## Task directions:
Print the lines in the listing below starting at the line with "Синхронизирующее устройство типа" and ending at the line with "Savings tracker CHRISTMAS", both included. Reproduce them exactly and omit every picture.

#####

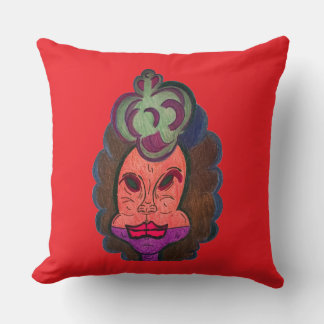 Coussin Reine Clown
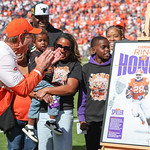 CJ Spiller Ring of Ceremony & UVA Pregame Photos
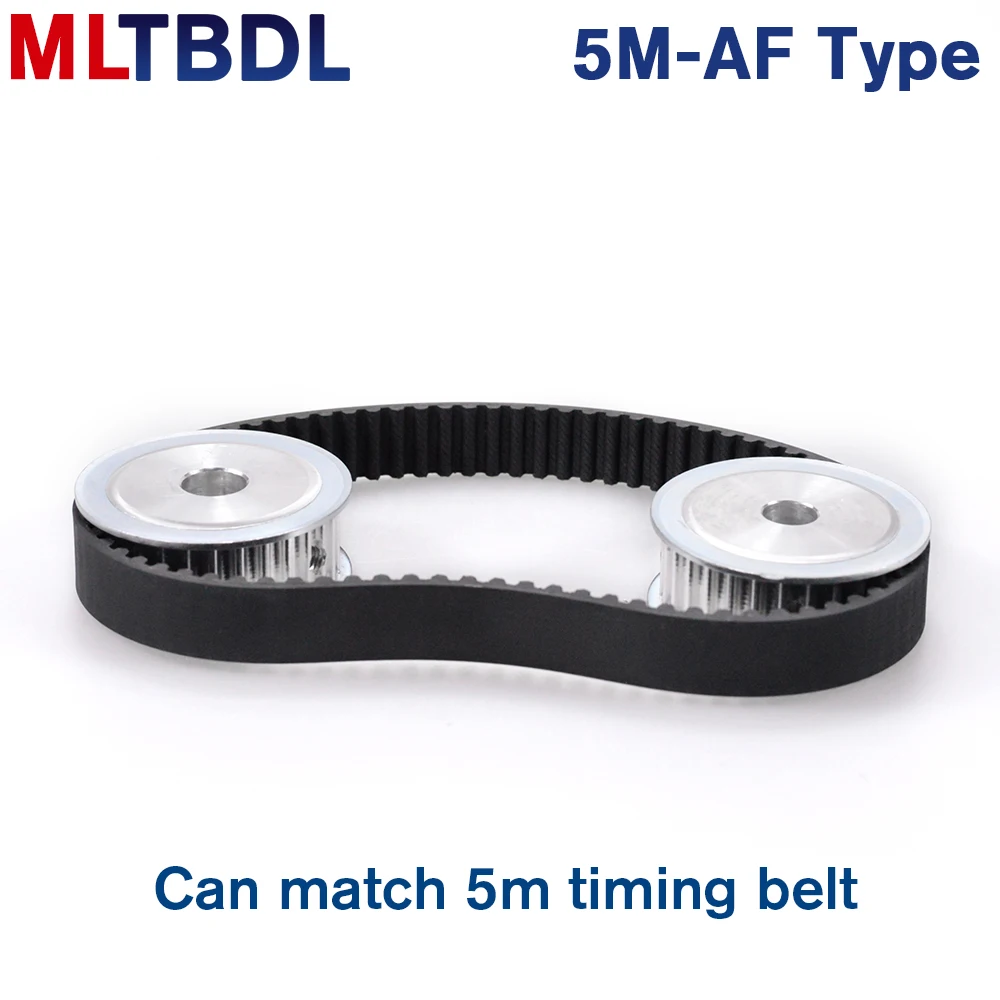 Синхронизирующее устройство типа 5м 55T внутреннее отверстие 12/14/15/19/20/22 мм 55 зубьев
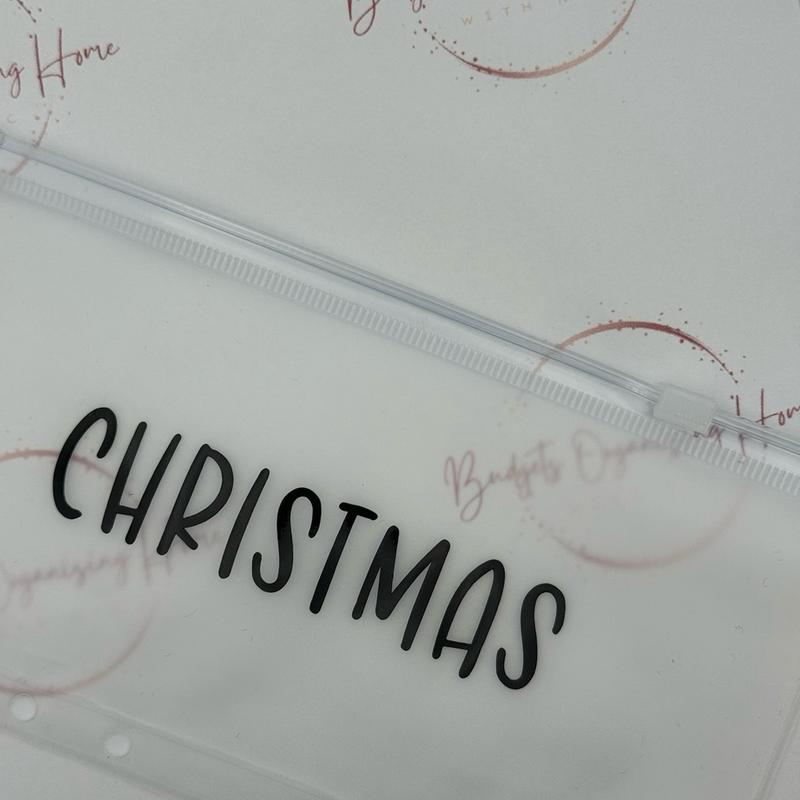 Savings tracker CHRISTMAS GIFT WRAP AND CARDS - options to buy tracker, wallet and tracker and wallet. 2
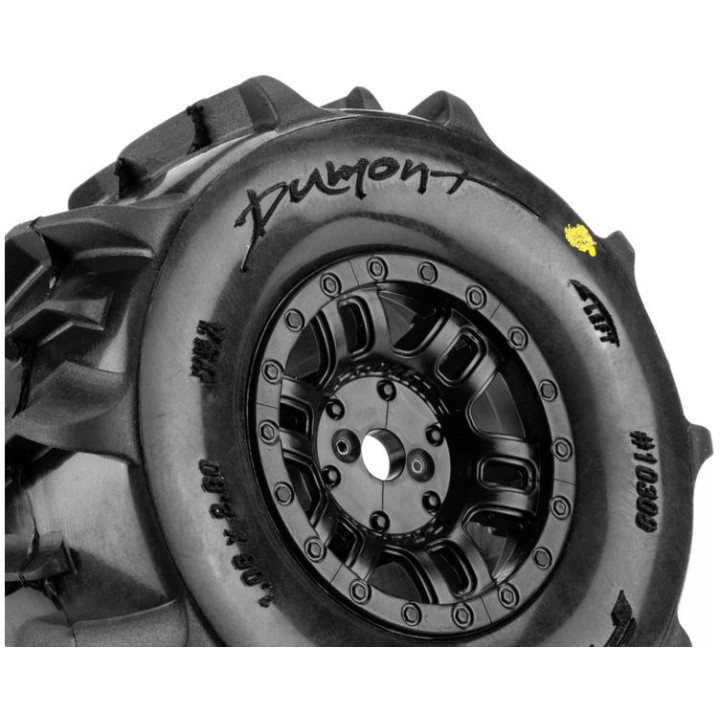 Pro-Line kolo 1:16 s pneu Dumont Paddle, disk Split Six černý, 12mm (4): Arrma Mojave Grom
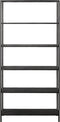 Light & Living Kast YLABA open - Antiek-zwart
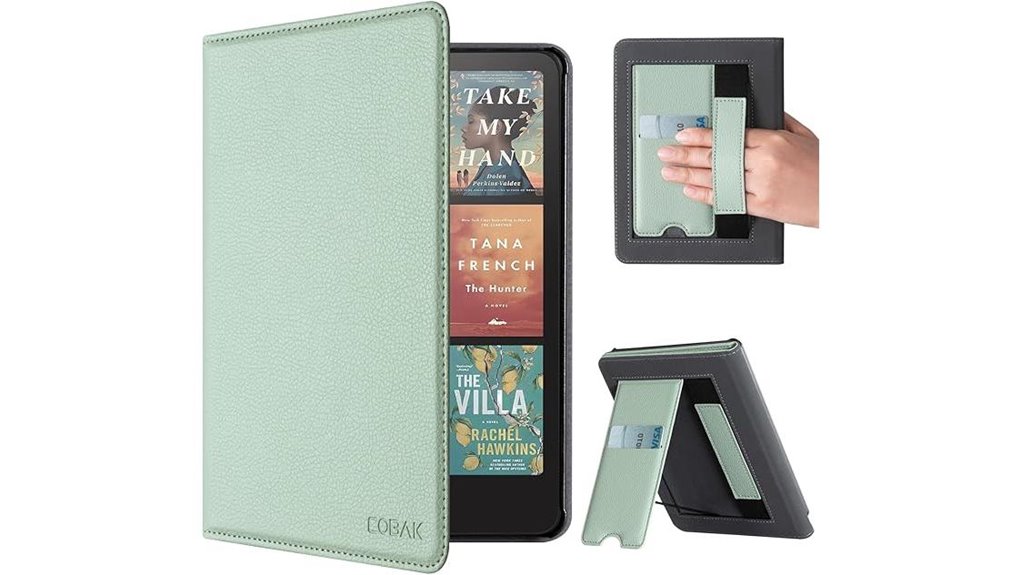 Best E-Reader Cases With Stands That Keep Books Safe 1 cobak kindle paperwhite stand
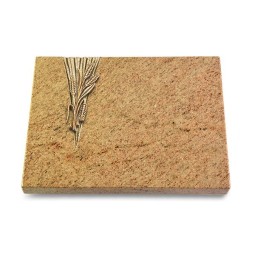 Grabtafel Kashmir Delta Ähren 1 (Bronze)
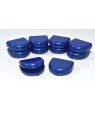 Bracon High Gloss Retainer Boxes - Blue Glitter - Pack of 10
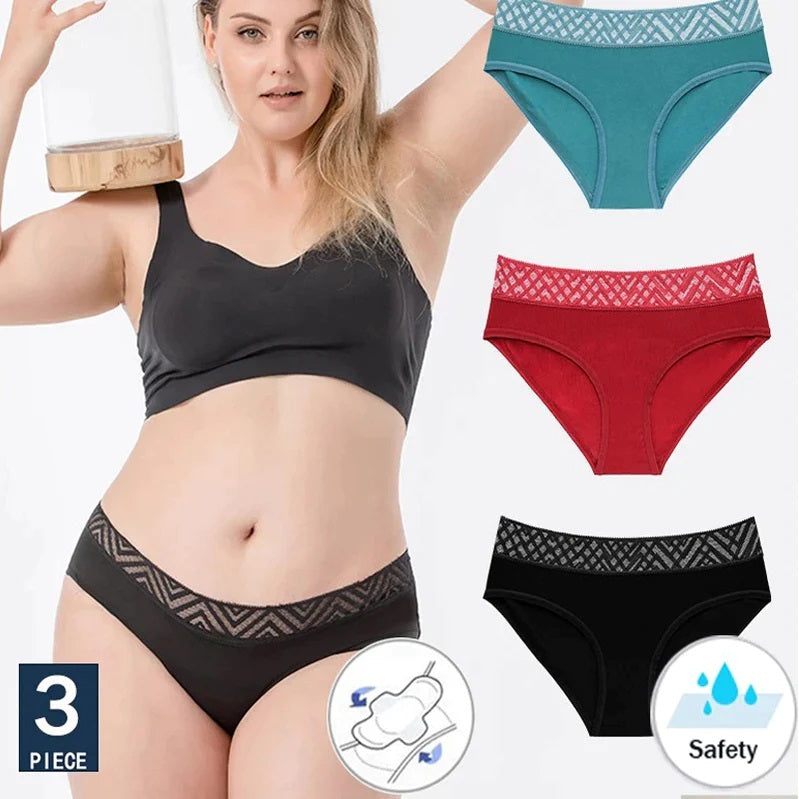 LINDA Menstrual Panties for Heavy Flow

#####

## Written solution:
 Синхронизирующее устройство типа 5м 55T внутреннее отверстие 12/14/15/19/20/22 мм 55 зубьев
 Savings tracker CHRISTMAS GIFT WRAP AND CARDS - options to buy tracker, wallet and tracker and wallet. 2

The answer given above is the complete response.